Rating:
But yes, this can't be called speak-singing, just talk-talking; Mitchell is reciting full-blown poetry over Little Sparta's instrumentals. It would make for an odd reading unaccompanied, though. Listen to "Mocking Mirror", where his genial, welcoming voice turns into a convulsion as he barely spits out the words the word "moon," then starts over from the beginning, like a fireside chat from an infirmed uncle or a beguiling old stranger in a hostel or a café. It's a strange touch that would only work on an album, creating the feeling of narration without any real narrative, just a few repeated lines in a thick Scottish accent and thicker tones of regret.
Things start to shift with "Skyscraper Housebound". The band plays more repetitive figures, and Mitchell's placement of the words becomes conscious of the music, waiting his turn for the harmonium to finish its brief interjection before chiming in. It feels like an informal gathering of quick learners, trading off one another and slowly giving each other the proper space.
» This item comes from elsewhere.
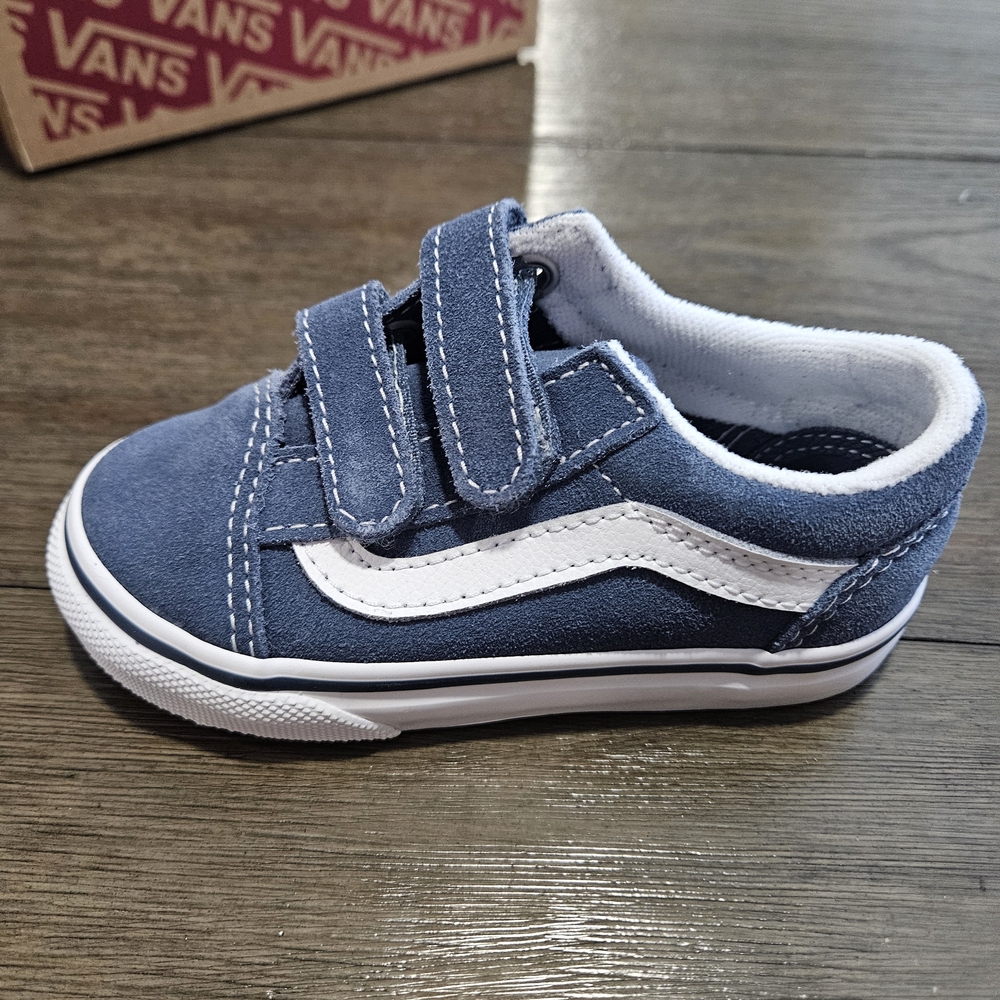 Vans NEW Kids Blue and White Suede Sneakers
On "Carefully Constructed Ruin", the band steps back into almost total ambience, a terse, wheezing drone behind Mitchell's most emotional moment on the record.
The track with the greatest symbiosis is also the strangest. "Even the Saints" has Mitchell shouting just one syllable with every slow, staccato downbeat: he shouts, Eve!...En!...The!...Saints!...Don't!...Like!...It!... Here...!" (you get the idea) until, finally, he ends the track by restating, in the flattest tone possible, "No, really; It seems to be seems broken, or at least all fucked up, and I'm embarrassed by my efforts to survive here." That last line may deflate the track's tension, but it also underlines the bittersweet and unpretentious territory they explore.
Even if they're only truly together on the final track, these collaborators feed off of each other in strange ways, with an edge that keeps this from just poetry set to music. Neither Mitchell nor Little Sparta wants the limelight, and the record is better for it.